Antes da Revolução Francesa de 1789 e da Glorious Revolution de 1688 na Grã-Bretanha o sistema de contencioso administrativo caracterizava-se pela junção numa única entidade, o Rei, das funções administrativa e judicial. De facto o princípio da separação de poderes não era ainda uma realidade pelo que aos particulares, em qualquer litígio com a Administração Pública, não eram reconhecidos quaisquer direitos subjectivos.
Face ao contencioso administrativo francês tem nele amplo impacto a Revolução Francesa de 1789. Apesar de esta ter estado na origem da formulação do princípio da separação de poderes a verdade é que, na prática, o que sucedeu foi a sua negação dado que era a própria Administração que se julgava a si própria não existindo verdadeiros tribunais que, inseridos no poder judicial, se destinassem a julgar a Administração. Tal entendimento era justificado à época pelo facto de o Estado, sendo uma entidade que emanava directamente de todos os cidadãos, não poder ser julgado nos tribunais comuns beneficiando, deste modo, de um privilégio de jurisdição e da sujeição não ao direito comum mas antes ao especial direito administrativo. Em consequência aos particulares não era reconhecida qualquer tutela em eventuais litígios com a Administração.

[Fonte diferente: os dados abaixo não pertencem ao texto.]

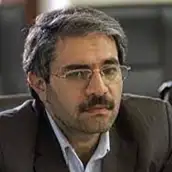احمدرضا لاهیجان زاده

Igualmente denominado de sistema de administração executiva, o sistema francês caracterizava-se pelo facto de os juízes dos tribunais comuns estarem vedados de conhecer litígios em que uma das partes fosse a Administração. Apesar de em 1799 se terem instituído tribunais administrativos a verdade é que estes estavam inseridos na própria organização administrativa pelo que nunca se verificava um verdadeiro julgamento da Administração. Exemplo de tais tribunais era o Conselho de Estado que, sendo um órgão da Administração, não era imparcial no julgamento da própria Administração em que se inseria.
Em França destacava-se ainda o privilégio da execução prévia da Administração que permitia a esta não apenas executar unilateralmente as suas decisões bem como impor condutas aos particulares sem que lhes seja admissível contraditar as opções da Administração. O principal meio processual era o recurso de anulação mediante o qual o juiz apenas poderia anular certo acto mas nunca lhe permitia condenar a Administração a adoptar certa conduta.
A verdadeira jurisdicionalização do contencioso administrativo ocorre somente quando o Conselho de Estado passou a emitir decisões cuja eficácia não carecia mais de posterior homologação do Chefe de Estado. Apenas neste momento se consagra a verdadeira autonomia dos tribunais administrativos. O passo seguinte foi o de, no próprio texto constitucional, se confirmar o fim da ligação entre os tribunais administrativos e a Administração que acarretou uma mais eficaz protecção dos direitos subjectivos dos particulares. O sistema francês foi exportado para países como a Itália, Alemanha e Portugal.
Já o modelo britânico apresenta distintos traços. Facto fulcral é o diferente entendimento feito do princípio da separação de poderes que se consubstanciava numa efectiva independência e autonomia dos tribunais administrativos que inviabiliza que a Administração seja julgada por órgãos que estejam na sua própria dependência mas antes impõe que a Coroa, enquanto expressão máxima do Estado, se sujeite, tal como os demais cidadãos, à jurisdição comum.
Igualmente relevante para este entendimento é a natureza garantística do “Bill of Rights” de 1689. Aos cidadãos eram reconhecidos direitos subjectivos sendo negados à Administração os privilégios que vigoravam no modelo francês. Em consequência o que existia era um verdadeiro processo de partes no qual vigorava a igualdade entre particulares e Administração.
Contrariamente ao que sucedia no sistema francês não é no modelo britânico admissível que a Administração execute as suas decisões independentemente de os particulares se oporem às mesmas podendo os particulares, sempre em sede de jurisdição comum, contestar a actuação da Administração lesiva dos seus direitos. Consequentemente o poder coactivo de imposição de decisões pela Administração é inexistente. De facto apenas após favorável sentença de um tribunal judicial comum podia a Administração unilateralmente impor as suas decisões.